1. A method of treating, preventing or diagnosing Chlamydia in a patient, comprising administering a therapeutically effective amount of: (a) an immunogenic Chlamydia HtrA protein which has one or more mutations relative to wild-type Chlamydia HtrA that result in a reduced or eliminated protease activity relative to the protease activity of wild-type Chlamydia HtrA; (b) a fragment of (a) which comprises 50 or more consecutive amino acids from the protein and comprises the one or more mutations that result in the reduced or eliminated protease activity, and wherein the fragment is capable of eliciting an immune response against the wild-type Chlamydia HtrA protein; (c) an antibody which binds (a) or (b) but which does not bind to wild-type HtrA protein; or (d) a nucleic acid that encodes (a) or (b).

2. The method of claim 1 wherein the immunogenic Chlamydia HtrA protein comprises SEQ ID NO:4.
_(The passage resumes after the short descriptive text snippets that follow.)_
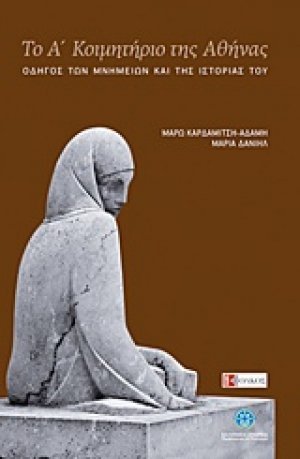 Το Α΄ Κοιμητήριο της Αθήνας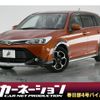 toyota corolla-fielder 2016 -TOYOTA--Corolla Fielder DBA-NRE161G--NRE161-8020840---TOYOTA--Corolla Fielder DBA-NRE161G--NRE161-8020840- image 1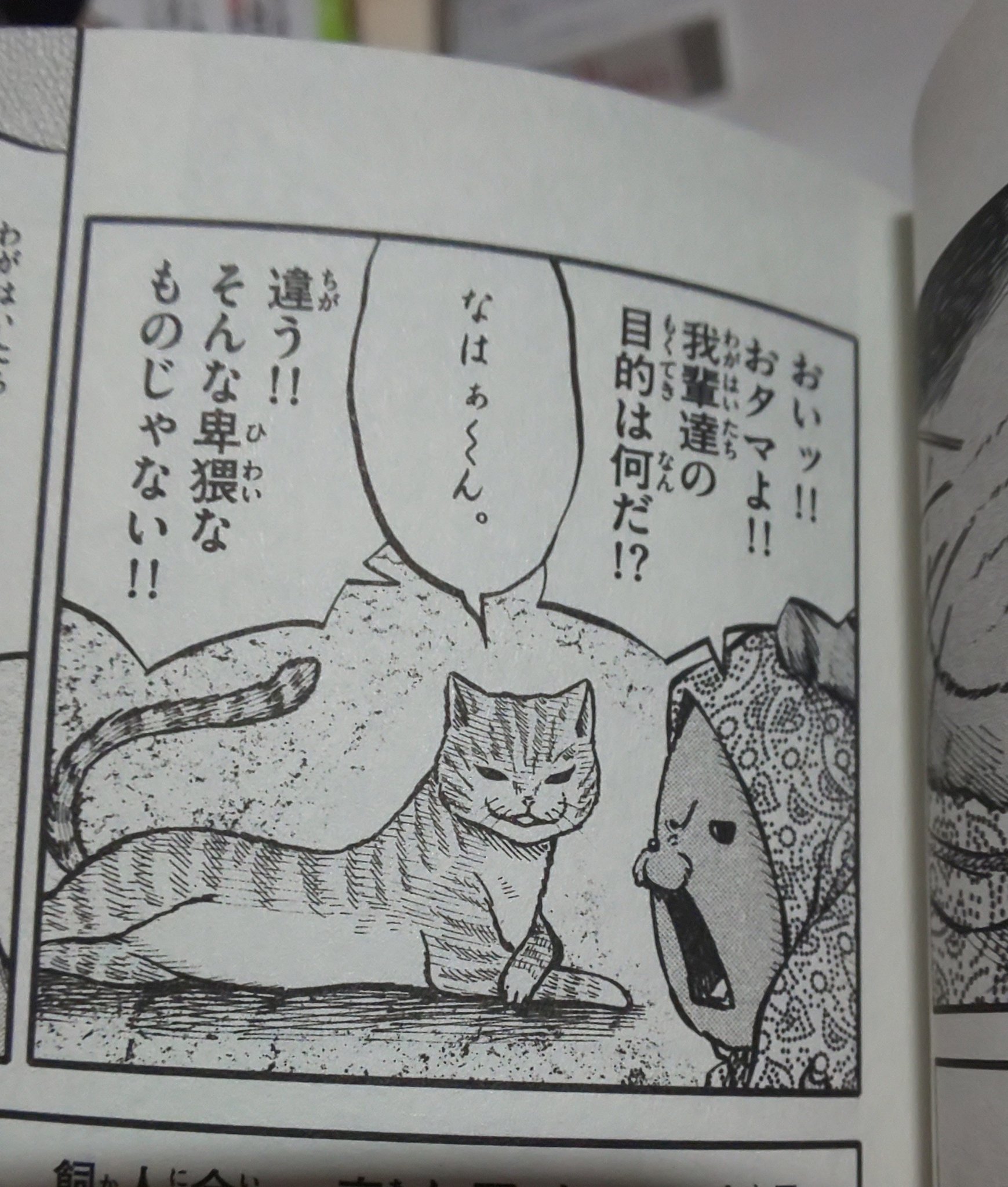 米本 敬 大好きな 妖怪ギガ の最新巻が出ました さて おタマは どんな卑猥なことを言ったのか 妖怪ギガ 佐藤さつき T Co Xqfw5ubxby Twitter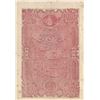 Image 1 : TURKEY Ottoman Empire
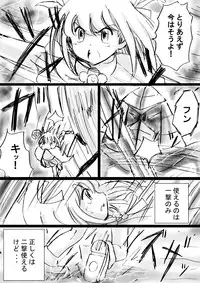 [Dende] Fushigi Sekai -Mystery World- Nonona 13 ~Kyoufu, Hajimete no Jintai Kaizou Ingengoku~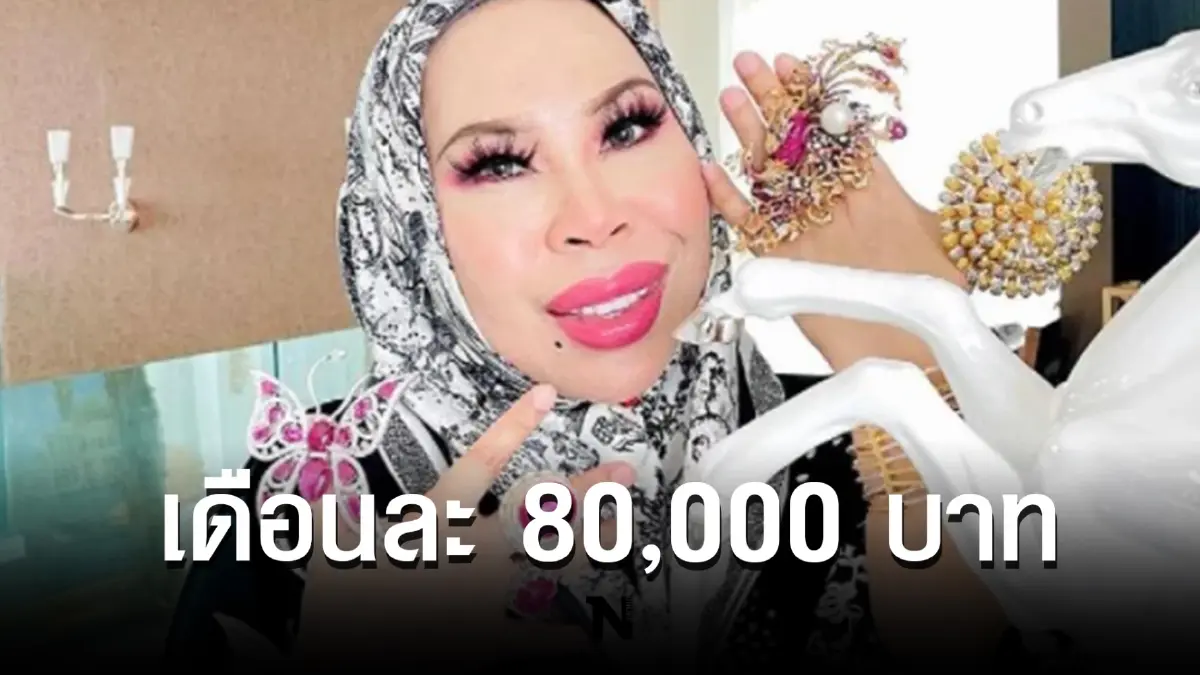 ให้ไว มหาเศรษฐีนีมาเลย์ เปิดรับสมัครผู้ช่วยชาย รายได้ดี 80,000 บาท ต่อเดือน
3. The method of claim 1, wherein the wild-type HtrA is from C. trachomatis.

4. The method of claim 1, wherein the wild-type HtrA comprises the sequence of SEQ ID NO:1.

5. The method of claim 1, wherein the one or more mutations are each independently a substitution, an insertion or a deletion.

6. The method of claim 1, wherein at least one of the one or more mutations is selected from the group consisting of the substitution of a histidine (H) with a glycine (G), alanine (A), serine (S), valine (V) or threonine (T), lysine (K), glutamine (Q) or an asparagine (N); substitution of an aspartatic acid (D) with a threonine, serine, valine, glycine, alanine or glutamic acid (E); substitution of a serine (S) with a glycine (G), valine (V), asparagine (N) or aspartic acid (D), alanine (A) or a threonine (T).

7. The method of claim 1, wherein at least one of the one or more mutations is in the protease domain.

8. The method of claim 1, wherein at least one of the one or more mutations is of a residue in the catalytic triad of histidine, aspartate and serine.

9. The method of claim 8, wherein the histidine of the catalytic triad is mutated to arginine.

10. The method of claim 1, wherein at least one of the one or more mutations is of a residue in close proximity to the residues of the catalytic triad in the three dimensional conformation of the Chlamydia HtrA protein or is of a residue that is conserved across the HtrA protein family.

11. The method of claim 1, wherein the wild-type HtrA is from C. trachomatis and at least one of the one or more mutations is H142R or H143R.

12. The method of claim 1, wherein the immunogenic Chlamydia HtrA protein comprises the sequence SEQ ID NO:5.

13. The method of claim 1, wherein the reduced or eliminated protease activity is conferred by a single mutation.